The filmmaker was speaking at the India Film Project festival in Mumbai.

Keyur Seta

Hindi cinema has been known for regularly coming up with love stories and romantic films. During Vikramaditya Motwane's interactive session today (13 October) at the India Film Project, an annual content creation festival held in Mumbai, he was asked when the overdose of romantic films by directors like Karan Johar and actors like Shah Rukh Khan would come to an end.  

"The short answer is that it's public demand," Motwane responded. "Such films work at the box office. Obviously there is an audience that watches this kind of movies. That might not be you. The great thing today is that you have an option to not go to the movie theatre. You can watch what you want on Netflix or Amazon. That is the reality."

The director, known for films like Udaan (2010), Lootera (2013), Trapped (2017) and Bhavesh Joshi: Superhero (2018), had the audience in splits when he said, "The specific thing about Loveyatri (2018) is that the film hasn't worked. It's a fact, so you won't see another one like that. But Stree (2018) has and we should see more films like that."

Motwane believes the basic problem today is that filmmakers don't invest time in writing. Elaborating, he said, "We will not spend money or time and sit on a script. It's a typical thing. You want to make a film? Write in three months, shoot in one year and edit in three months.

"It should be exactly the opposite. You should be writing it for a year, shoot for three months and edit for six months.
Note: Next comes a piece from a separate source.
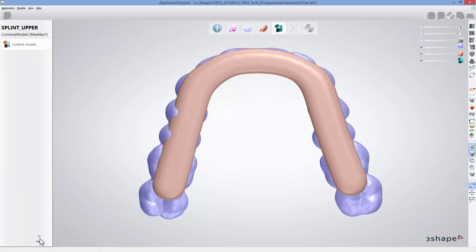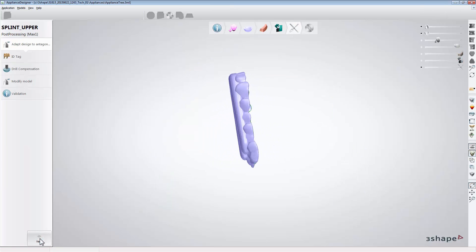When you click next you will get to the combine model step where the bar and the splint will be merged together. Click next to combine them.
"We took a year and a half to write [the Netflix original series] Sacred Games. That's the way the work is done. It's done on the script. But our industry is just lazy."

Going by the current working style, he feared the industry might go back to the state of affairs in the 1980s. "It's like the classic thing of the 1980s. I hope we don't go that way.

"It was the irony of all ironies. Salim-Javed are the last bunch of writers whose names would be on posters to sell a film. It was a big deal.

"They made Sholay (1975) and after that all producers felt we don't need scripts. We just need those little things these guys have created. You need a gangster, villain and this girl. Cinema went for a toss, until the romantic films came and revived it."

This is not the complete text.